Caption-style text data
____________
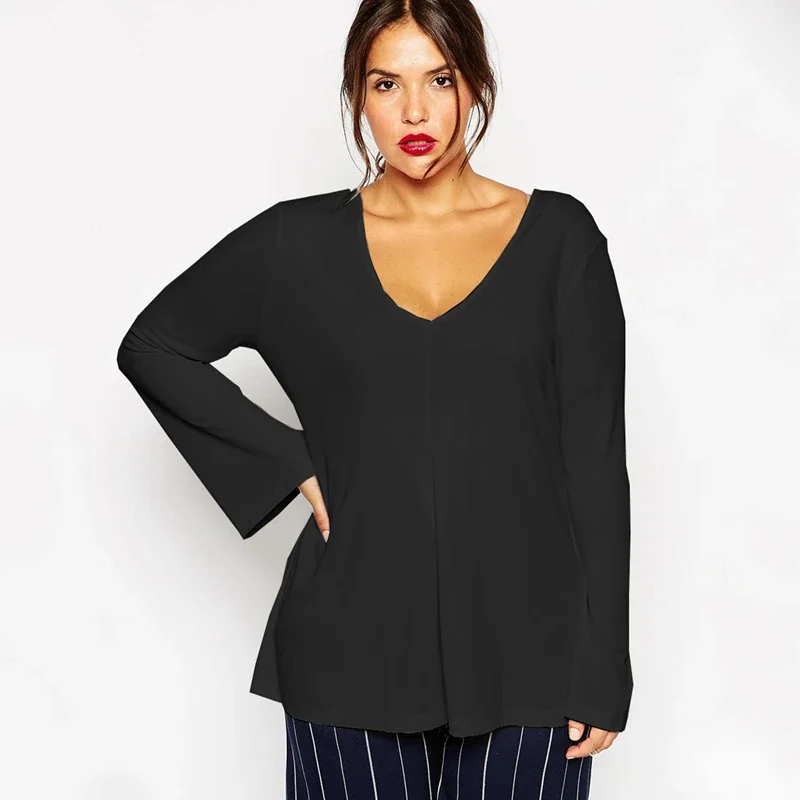 

Plus Size V-neck Summer Spring Elegant Blouse Long Flare Sleeve Work Office Tunic Tops Plus Size Clothing For Women 6XL 7XL 8XL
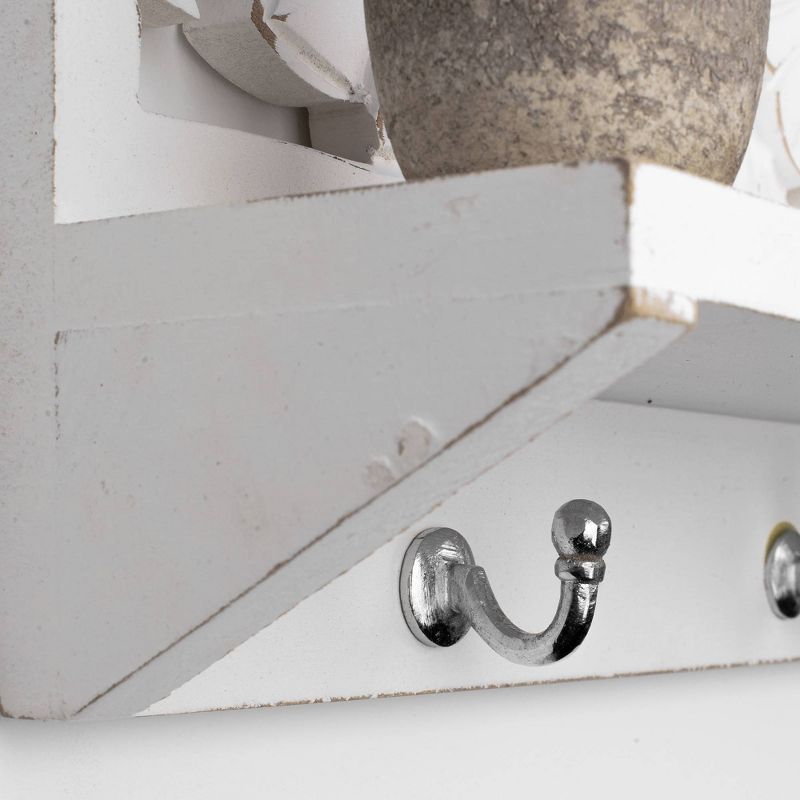 Carved Wooden Coat Rack Wall Shelf White - Crystal Art Gallery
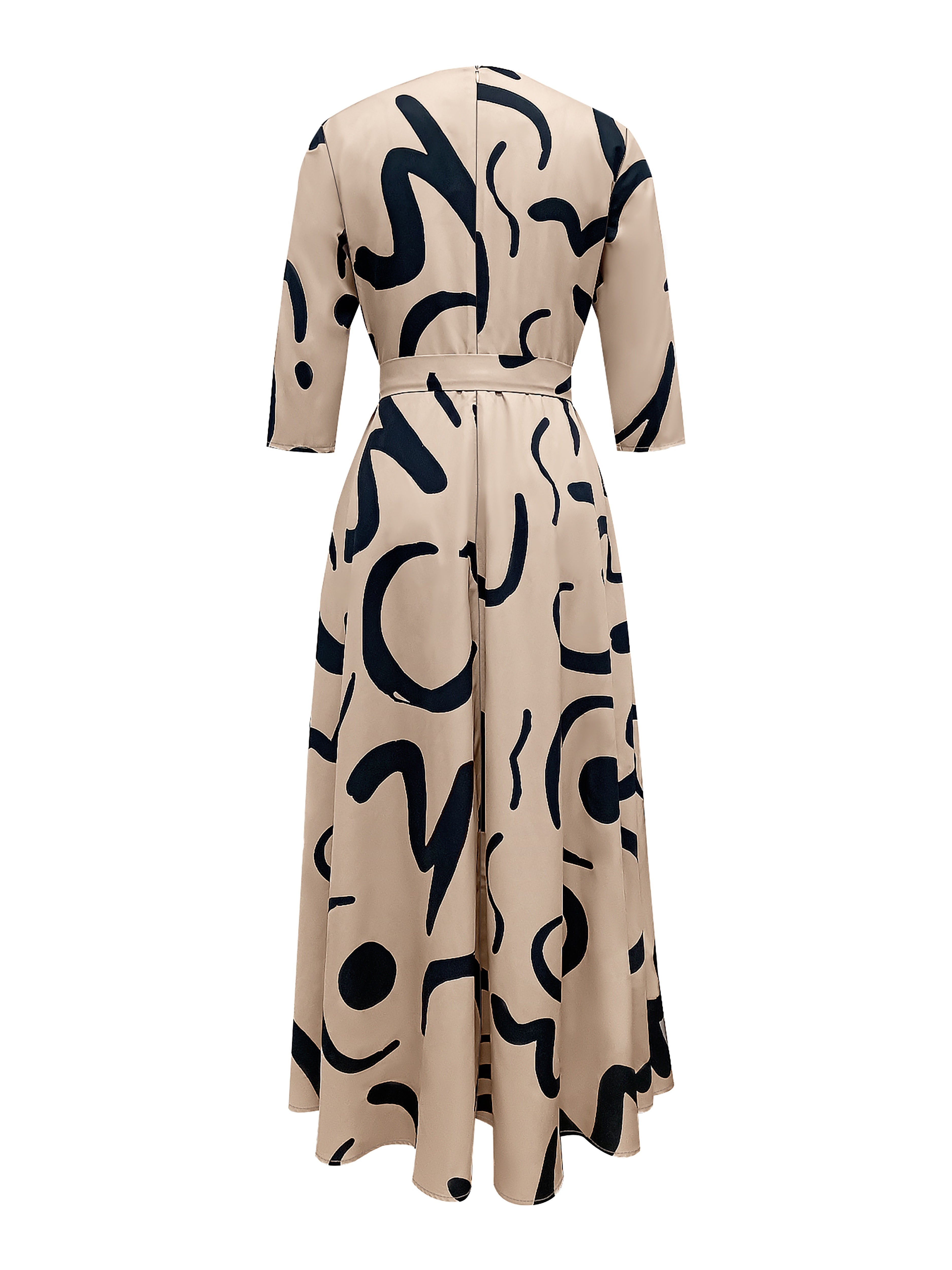 Stylish Geo Print Crew Neck Belted Dress - Elegant Half Sleeve Women's Dresses for Work, Formal Occasions, and Daily Wear - Soft, Comfortable, and Flattering Fit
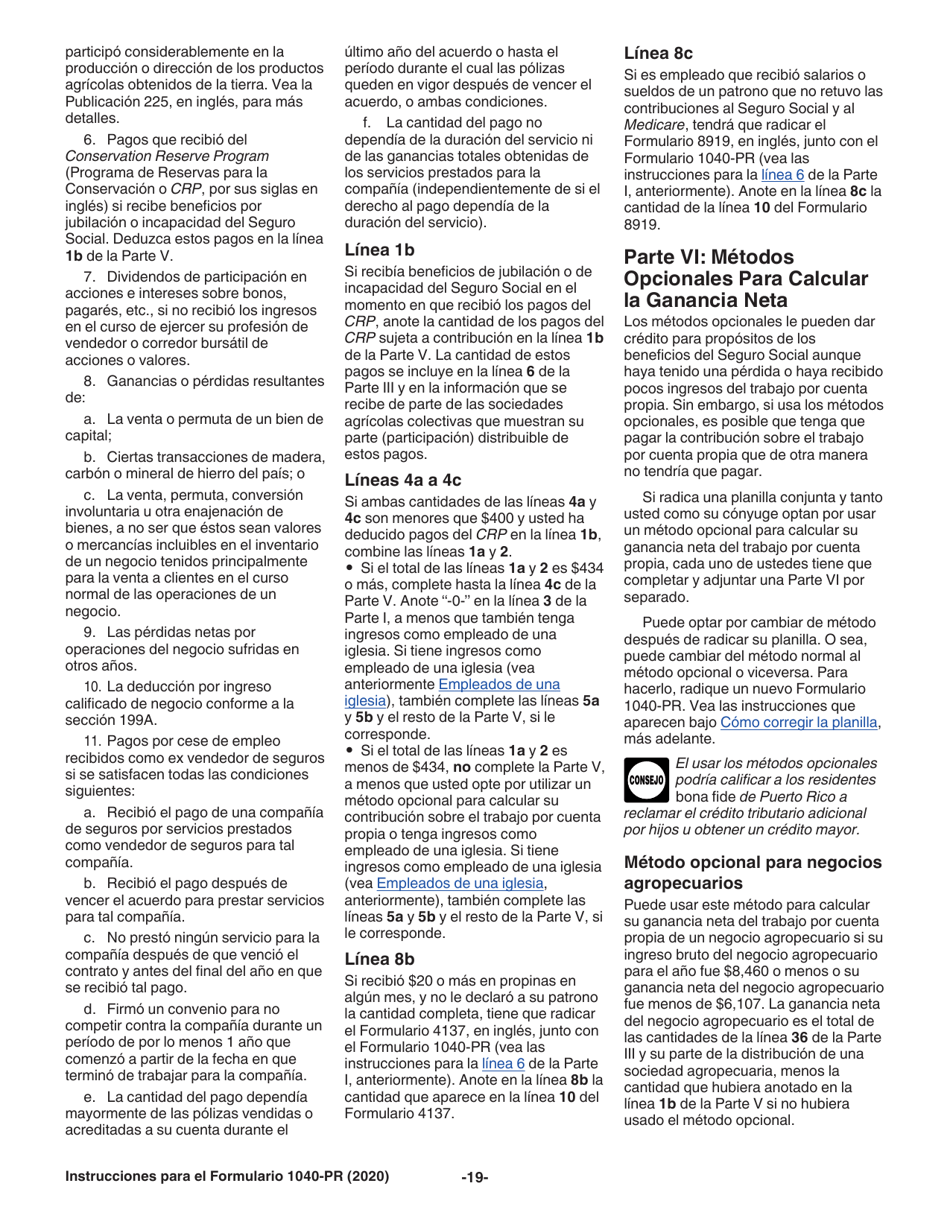 Instrucciones para IRS Formulario 1040-PR Planilla Para La Declaracion De La Contribucion Federal Sobre El Trabajo Por Cuenta Propia (Incluyendo El Credito Tributario Adicional Por Hijos Para Residentes Bona Fide De Puerto Rico) (Puerto Rican Spanish), Page 19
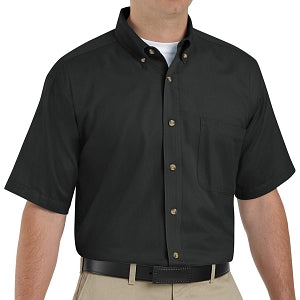 Vf Workwear-Div / Vf Imagewear (W) Men's Twill Short Sleeve Work Shirts - Men's Twill Short Sleeve Shirt, Single Pocket, 65/35, Black, Size 3XL - 1T22BK3XL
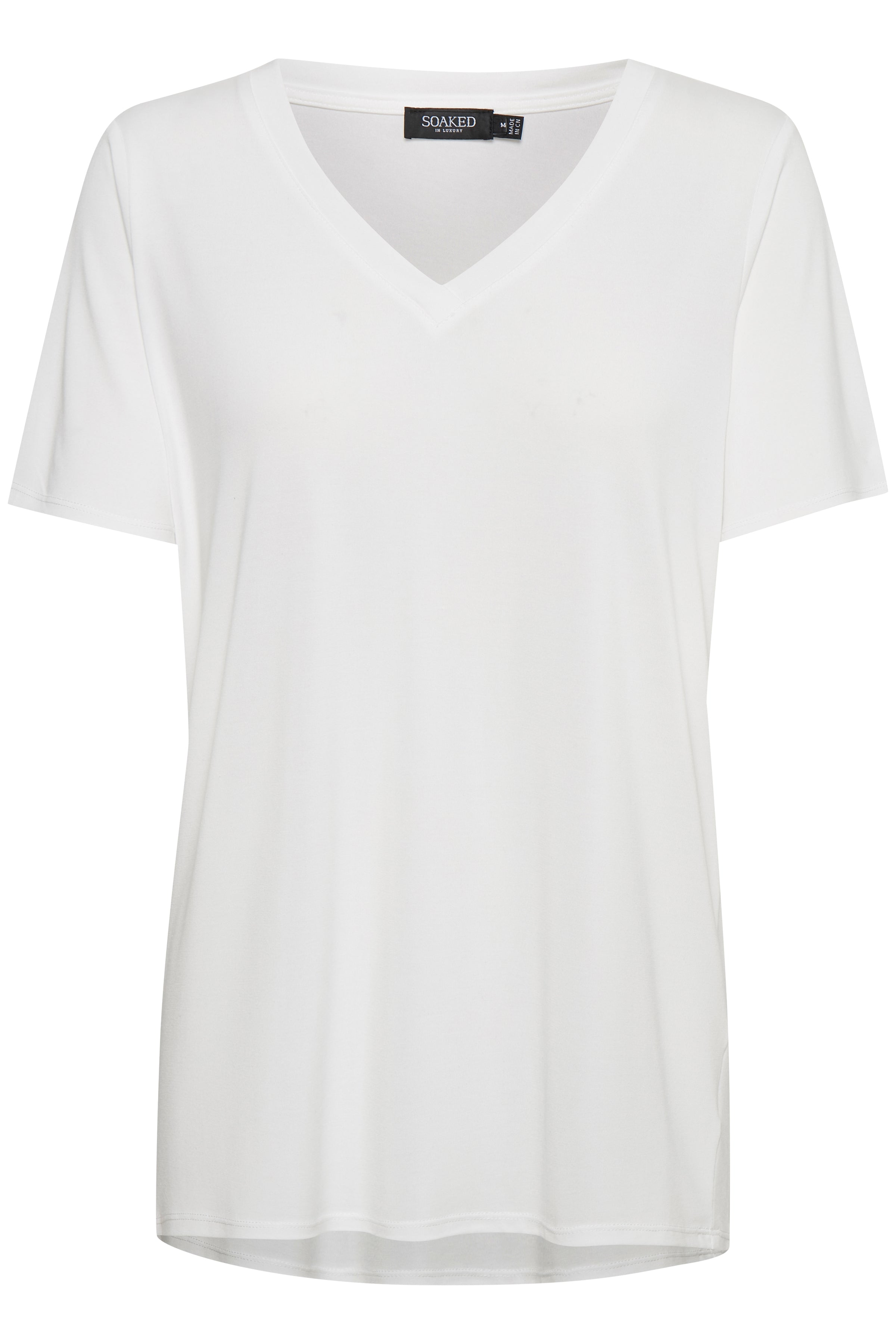 Soaked Columbine Oversize V neck tee, White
____________
No picture is to appear in the copy; every entry above is otherwise to be printed verbatim.

Plus Size V-neck Summer Spring Elegant Blouse Long Flare Sleeve Work Office Tunic Tops Plus Size Clothing For Women 6XL 7XL 8XL
 Carved Wooden Coat Rack Wall Shelf White - Crystal Art Gallery
 Stylish Geo Print Crew Neck Belted Dress - Elegant Half Sleeve Women's Dresses for Work, Formal Occasions, and Daily Wear - Soft, Comfortable, and Flattering Fit
 Instrucciones para IRS Formulario 1040-PR Planilla Para La Declaracion De La Contribucion Federal Sobre El Trabajo Por Cuenta Propia (Incluyendo El Credito Tributario Adicional Por Hijos Para Residentes Bona Fide De Puerto Rico) (Puerto Rican Spanish), Page 19
 Vf Workwear-Div / Vf Imagewear (W) Men's Twill Short Sleeve Work Shirts - Men's Twill Short Sleeve Shirt, Single Pocket, 65/35, Black, Size 3XL - 1T22BK3XL
 Soaked Columbine Oversize V neck tee, White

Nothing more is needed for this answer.